Report all medical problems immediately to Security with the nature and location of the emergency.

In the event of minor medical problem (i.e. fall, bump, cut, fainting but conscious) during a tour, the guide must request the group to remain quietly at this location. The guide must go immediately to the Security desk in Admissions to alert the security officer on duty or alert any security officer along the way to admissions of the situation.

For a serious medical emergency (heart attack, unconscious, life threatening) call 911 immediately and then alert Security.

  • Avoid unnecessary conversation, with or about the ill or injured person. You may add to the person’s distress or fear.
  • Except with Security do not discuss the possible cause of an accident or any condition that may have contributed to the cause.
  • Under no circumstance should you discuss any insurance information with members of the public.
  • Do not move victim unless absolutely necessary.
  • In case of bleeding try to avoid contact with blood or other bodily fluids.
  • There are two AED/Automated External Defibrillators. One inside to the right of the West Doors in to Steele pre-function. A second one is located inside to the right of admissions doors behind the security desk.
  • Wheelchairs are available for visitors from the security desk at admissions.

Workplace Violence

  • Defined as any act or threat of physical violence, harassment, intimidation, or threatening disruptive behavior that occurs at the work site.
  • Criminal Intent: Shoplifting, robbery, trespassing
  • Customer/Client: Unhappy with service provided
  • Worker-to- Worker: Generally demonstrated by former or present employee
  • Domestic Violence: Women are targeted much more frequently than men; an abuser knows exactly where his/her spouse will be during work hours.
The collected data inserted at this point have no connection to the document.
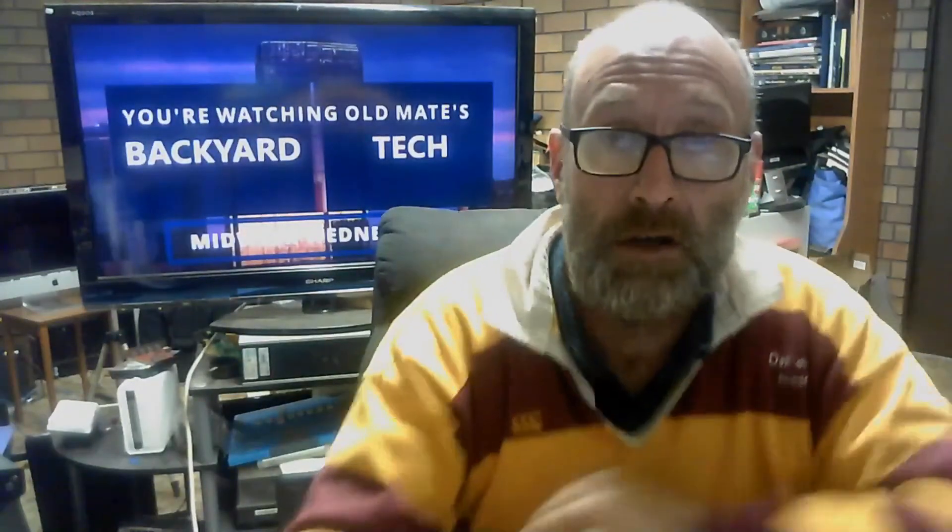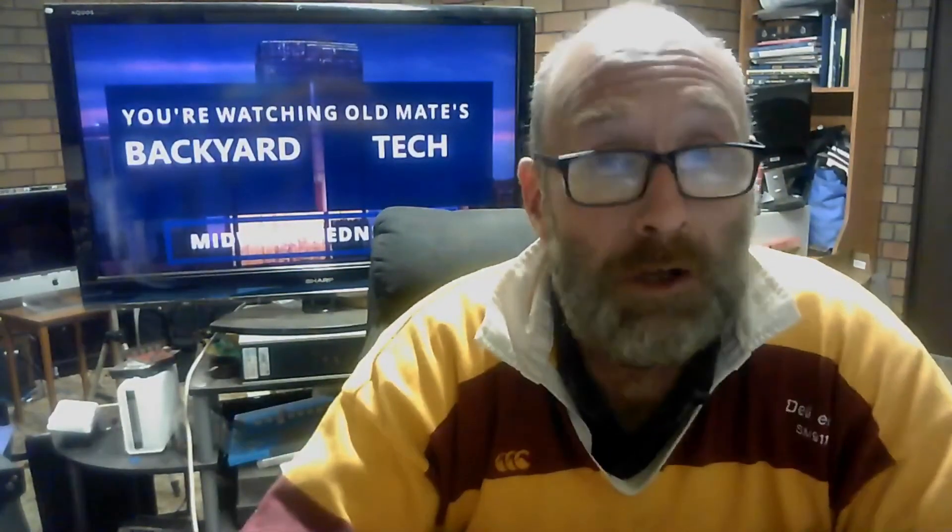Anyway, that is it for midweek Wednesday here at Old Mate's Backyard Tech. I'll catch you around the channel for Thursday's tomorrow - have a good one.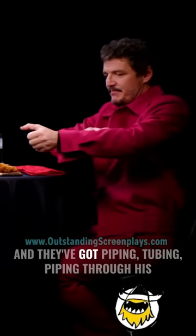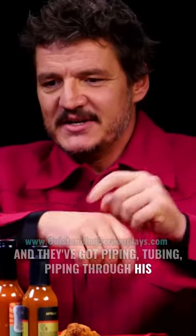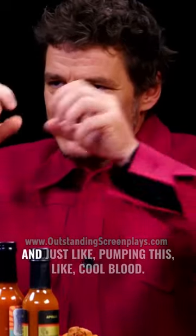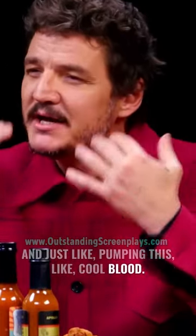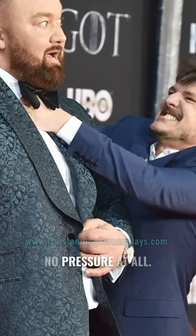He puts his thumbs into my eyes and they've got piping through his body into his forearms to his thumbs, just pumping this cool blood. So gentle — the gentlest guy ever. Felt no pressure at all.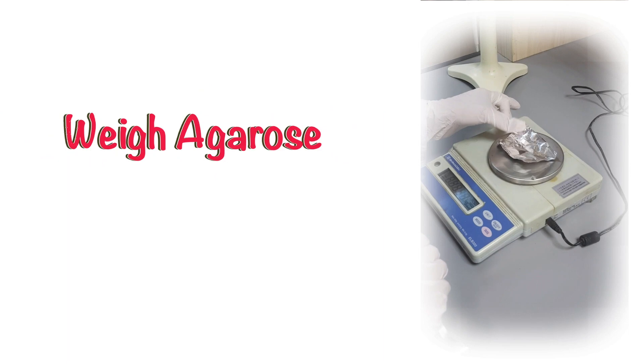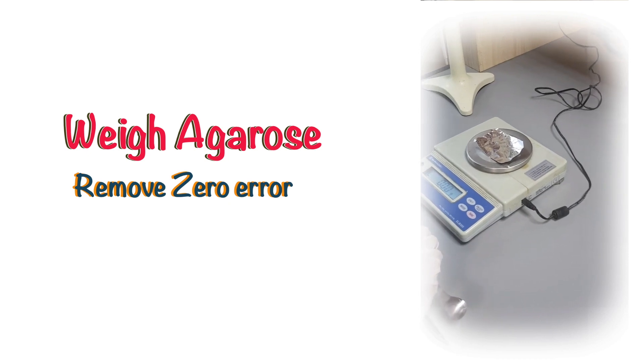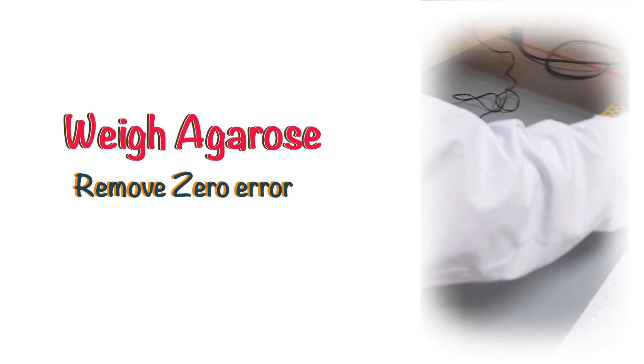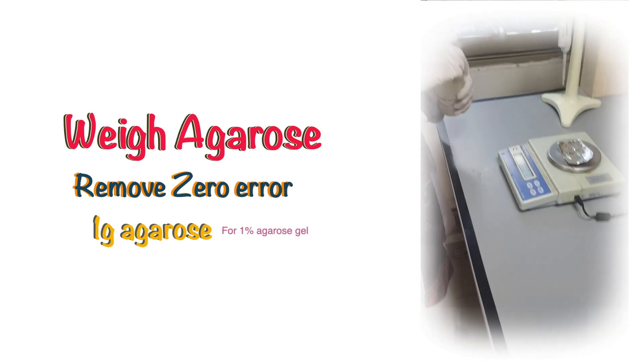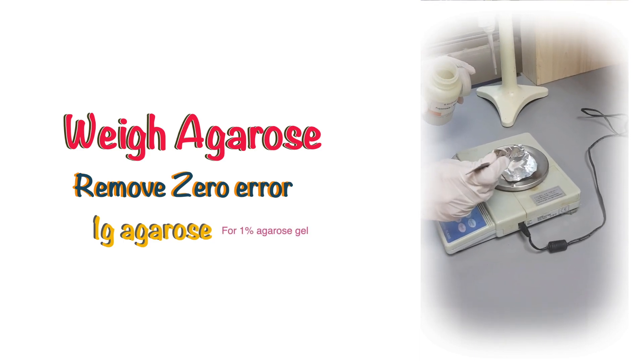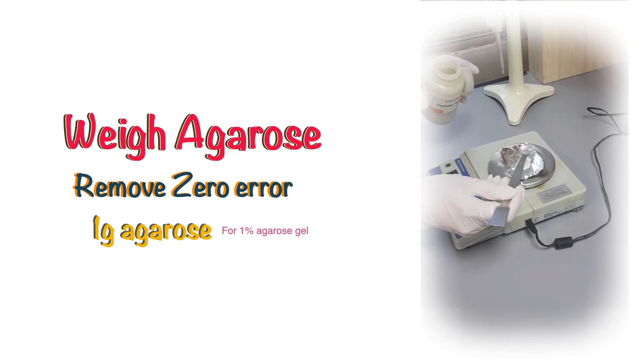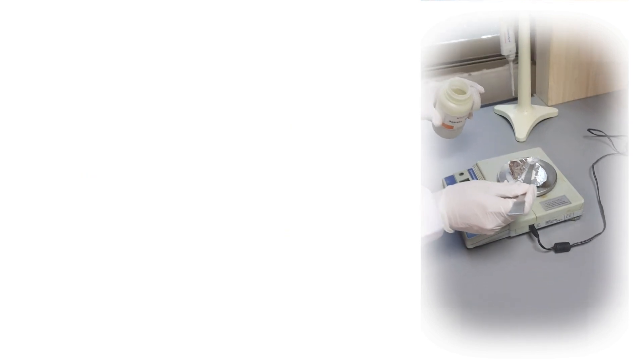First of all, we have to weigh out 1 gram of agarose. For this purpose, turn on the electric balance. Place aluminium foil and press the button to tare, then weigh out 1 gram of agarose.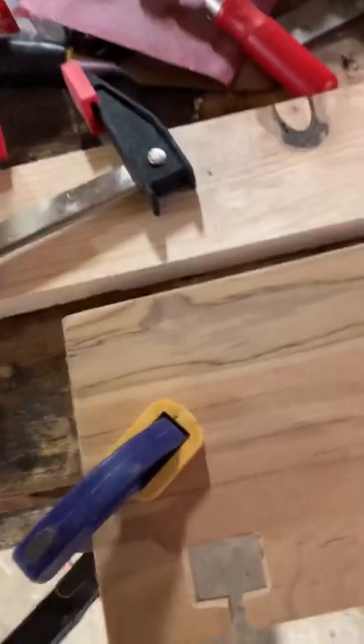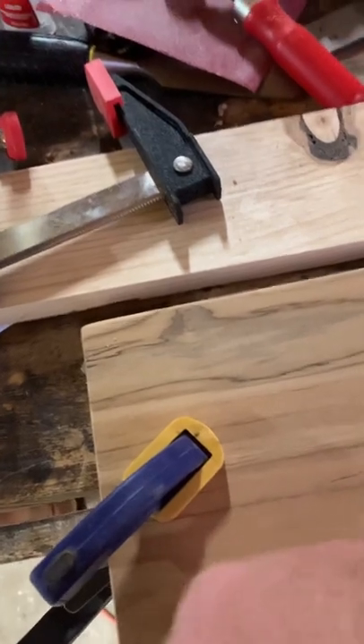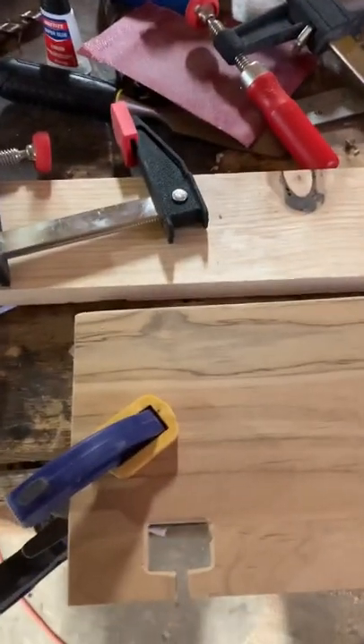You'll be able to get in there and get it sanded. Sorry, I'm trying to stay out of the way of the camera. Just a quick tip — thought I'd share that with you. Hope you have a great day!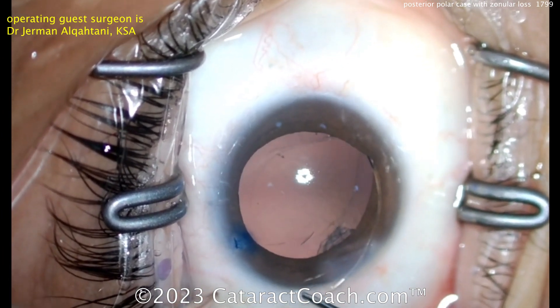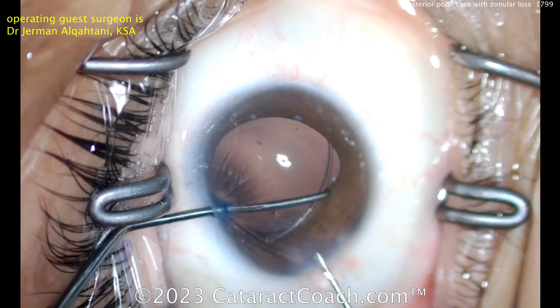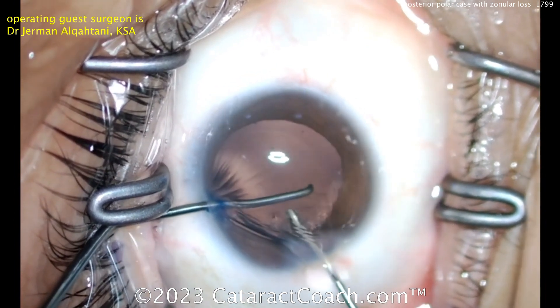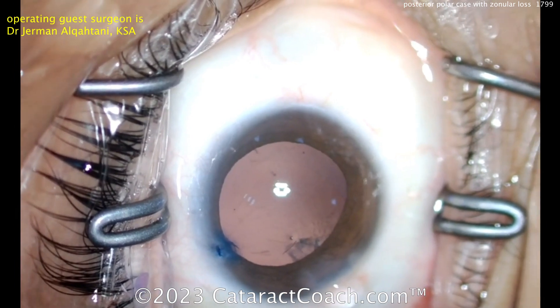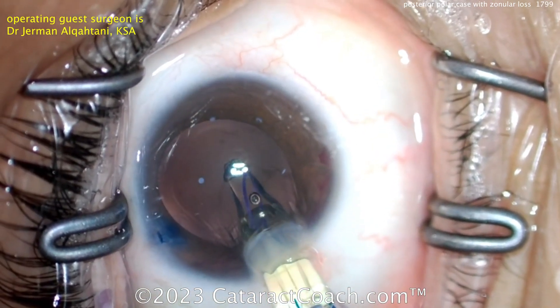If you didn't have a CTR, you could also put a three-piece lens in the bag with the haptics angulated toward the area of zonular weakness to push out and bolster that area. But I do like the idea of placing a CTR — a capsule tension ring — that's a very good choice, along with a three-piece lens as well.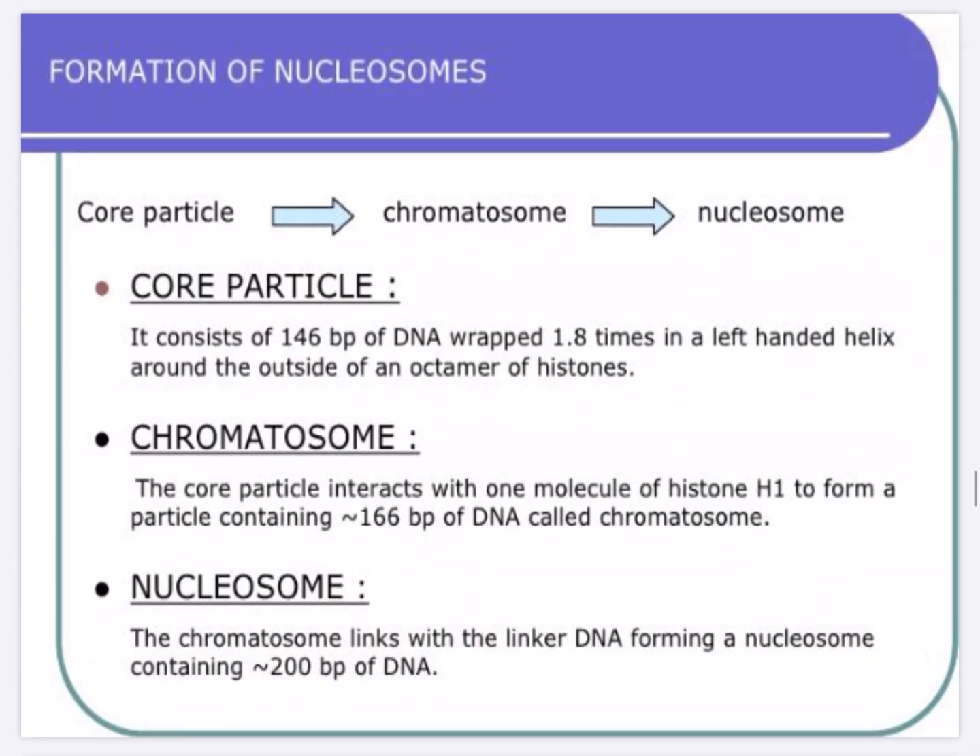The formation of nucleosome proceeds from core particle, then chromatosome, then nucleosome. The core particle is 146 base pairs of DNA wrapped 1.8 times in a left-handed helix around the outside of the histone octamer. The chromatosome is where the core particle interacts with one molecule of histone H1 to form 166 base pairs of DNA. The chromatosome further links with the linker DNA to form a nucleosome containing 200 base pairs of DNA.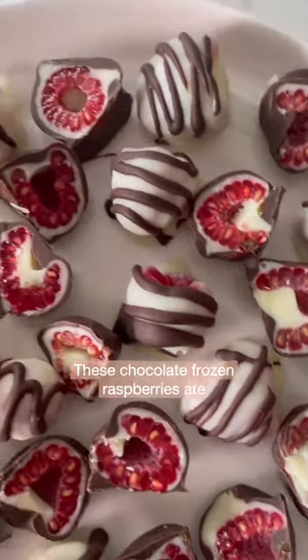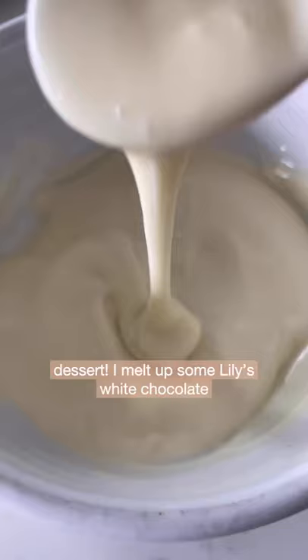These chocolate frozen raspberries are my favorite thing to keep in the freezer for a healthy dessert. I melt up some Lily's white chocolate chips with coconut oil and then dip the raspberries in. Once they're all coated, pop them in the freezer to set.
Active Shooter/Terror Attack

Source:  Salient Systems (Heard Museum systems partner) and Northern Arizona University Police Department, Flagstaff, Arizona

  • Be aware of your surroundings and other people.
  • Look for Exit Signs, plan escape routes.
  • Try and make a mental layout of where you are.
  • Move away from sounds of gunshots and away from windows and stairways.
  • If possible, exit area quickly/quietly, advise others you see to follow you. If they choose not to follow, leave them behind.
  • Getting out, break windows/corners are the weakest.
  • Leave behind purses, laptops, briefcases, coats, that will slow you down.
  • Move/run in a straight line, keep hands raised, spread fingers apart.
  • Avoid quick movements toward police.
  • Avoid asking for help or directions when evacuating.
  • If inside, hide out of shooter’s view, lock or barricade doors if possible.
  • Silence electronic devices.
  • Turn off lights.
  • Do not hide in groups, spread out.
  • When safe, only one person calls 911, give your location.

As a last resort, FIGHT

  • Arm yourself with a heavy object; throw items, fire extinguisher, books, shoes, etc.
  • Incapacitate shooter, act with extreme physical aggression; don’t worry about shooter’s comfort or screams.
  • Secure weapon.
  • Pile on, one person per limb and head, restrain until police arrive.

Keep in mind

  • Do not attempt to leave in your vehicle, can lead to serious injury to yourself or others.
  • National average police response time is 3 minutes.
  • An active shooting scene can last 4-7 minutes.
  • First responders are not there to give first aid.
  • You may have to wait 72 hrs. before you are allowed to come back on site to get belongings/vehicles.
  • Remember, a crime has been committed and now an investigation of the scene begins.